Do workers have a right to wear political imagery while on the job?
For now the answer seems to be no.
In August, the National Labor Relations Board filed a complaint against retailer Home Depot after the company refused to allow a worker to wear Black Lives Matter imagery while on the job.
A Minneapolis employee worker a slogan supporting BLM on his apron. The company told him that wasn't allowed. The worker refused to remove the slogan. He lost his job.
The NLRB says the home improvement chain violated the worker's rights. But last week a judge disagreed.
Home Depot's dress code prohibits employees from wearing "causes or political messages unrelated to workplace matters" on the job. Seems pretty clear cut.
The NLRB claimed protesting against racial injustice was a valid workplace issue.
But an administrative law judge ruled that's to broad of an argument, noting that BLM's message "originated, and is primarily used, to address the unjustified killings of Black individuals by law enforcement and vigilantes" and not racism in the workplace.
The decision will be appealed, so this isn't over.

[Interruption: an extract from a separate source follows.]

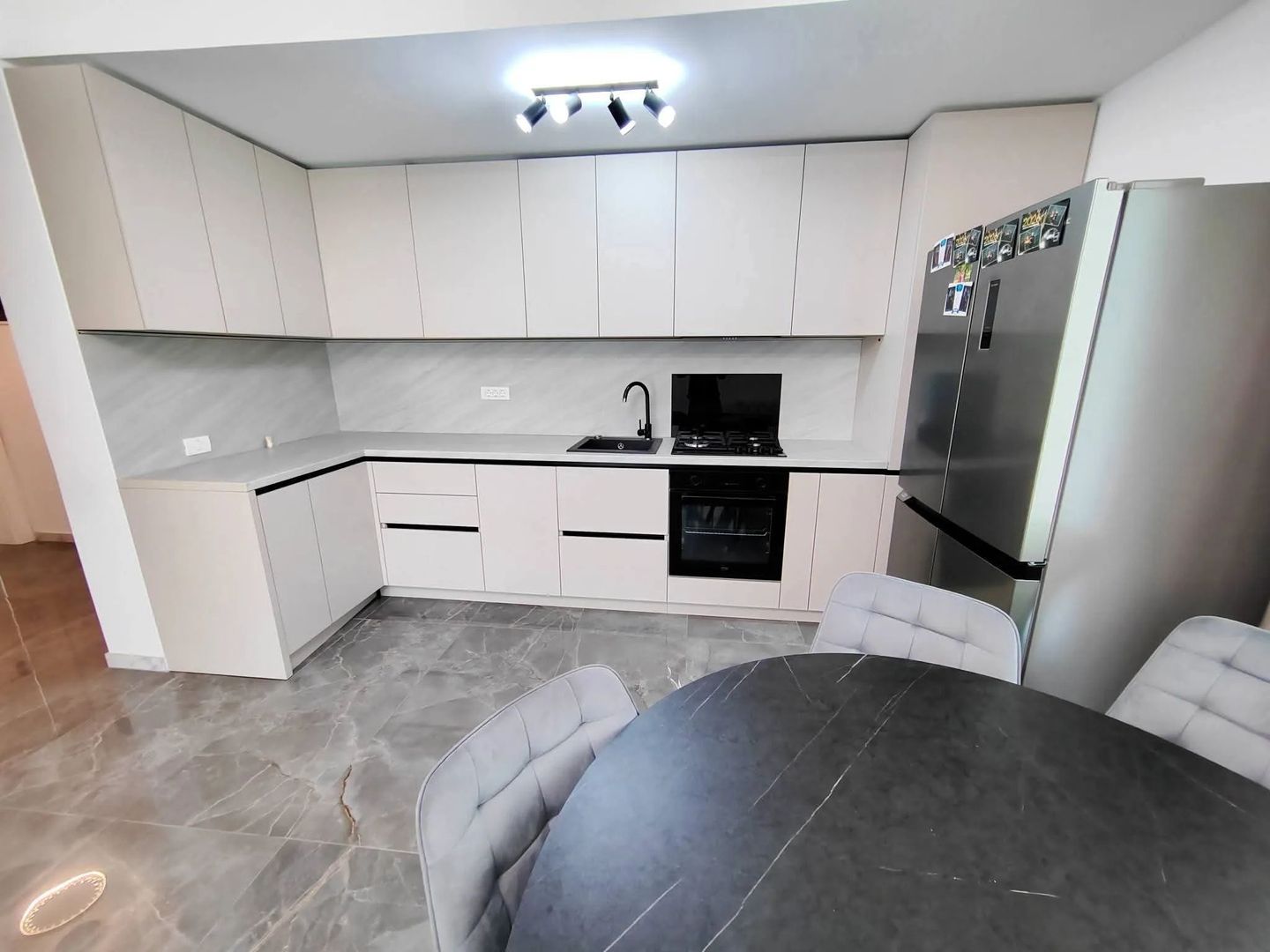 Apartament cu 3 camere de închiriat în Giroc - Poză 4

It's not unreasonbale for a business to have a dress code for workers. They are there to do a job, not promote their own political interests. So we think the judge made the right call -- provided Home Depot treats all political messages equally. If so, there is no reason to think BLM should get a pass.
If it can be proven the company allowed some political messages and excluded others, that would be a different issue.